Obviously Sekzer wasn’t alone in feeling this way about 9/11 and Iraq. Until recently, polls showed a majority of Americans believed Saddam Hussein was “personally involved” in the attacks.

Those possessing a cerebellum know this didn’t happen by accident. In fact, I wouldn’t be surprised if the White House Iraq Group ran focus groups to discover the most popular rationale for a war, and found it was an Iraq-9/11 connection.

Of course, they never (quite) came out and directly asserted there was such a connection. People would have asked for evidence. Instead, they repeatedly implied Saddam did it: “9/11…Saddam…terrorism…Iraq…Al Qaeda.” They correctly assumed many Americans—particularly those who don’t parse every single word politicians say for fine shades of meaning—would make the connection themselves.

But what’s gotten little attention is that, in 2004, a Bush official actually admitted this was a conscious strategy.

In other words:

(1) To put it in concrete terms, they sat in their offices and figured out the best way to fool a retired New York City policeman gutted by grief for his dead son.
(2) They were so proud of their cleverness they couldn’t help bragging about it to a reporter.

This appears in a November, 2004 article in Esquire about Dick Cheney. If you read the whole thing, you’ll see the “senior administration official” was probably Paul Wolfowitz or Scooter Libby:

But what were the real reasons for going into Iraq? I’d asked a senior administration official.

There were two basic reasons, the official said. “One was to be rid of the Saddam Hussein regime”… The other was containment…

As it was, the administration took what looked like the path of least resistance in making its public case for the war: WMD and intelligence links with Al Qaeda. If the public read too much into those links and thought Saddam had a hand in September 11, so much the better.

As Why We Fight shows, Wilton Sekzer was stunned when—many months after the invasion—George Bush explicitly said there was no evidence Iraq was involved in 9/11. He felt duped and betrayed. And now not only is his son gone, so is any faith he had in the U.S. government.
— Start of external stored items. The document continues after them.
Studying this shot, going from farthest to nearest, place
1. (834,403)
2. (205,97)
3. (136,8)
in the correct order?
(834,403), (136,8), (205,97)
But that’s only bad from HIS point of our view! From the Bush administration perspective, if their marks fall for the con, so much the better.

Everybody’s a critic…

…but it’s a little weird when the Pentagon is doing the criticizing:

NEW YORK A Tom Toles editorial cartoon published in The Washington Post on Monday and on its Web site has drawn a very rare and very strong protest letter to the editors from all six members of The Joint Chiefs of Staff, E&P has learned.

The letter, not yet published by the Post, charges that the six military leaders “believe you and Mr. Toles have done a disservice to your readers and your paper’s reputation by using such a callous depiction of those who have volunteered to defend this nation, and as a result, have suffered traumatic and life-altering wounds. … As the Joint Chiefs, it is rare that we all put our hand to one letter, but we cannot let this reprehensible cartoon go unanswered.”

A Pentagon spokeswoman confirmed the contents of the letter to E&P late this afternoon. That the newspaper had received such a letter was first reported on the popular AmericaBlog site, which is run by John Aravosis, this afternoon.

The spokeswoman said a letter from all six joint chiefs to anyone, let alone a newspaper, is rare, but the cartoon so offended them, they wanted to let their feelings be known. “It was expressing their disappointment with the paper and outrage at using that image to make a political point,” said Lt. Col. Diane Battaglia. “That is a rare occurrence, but the level of inappropriateness prompted a response of unanimous support.”

Story here. The target of the cartoon is obviously Rumsfeld’s callousness, but I’m sure we’re about to hear plenty of howls of outrage about how Tom Toles hates the troops.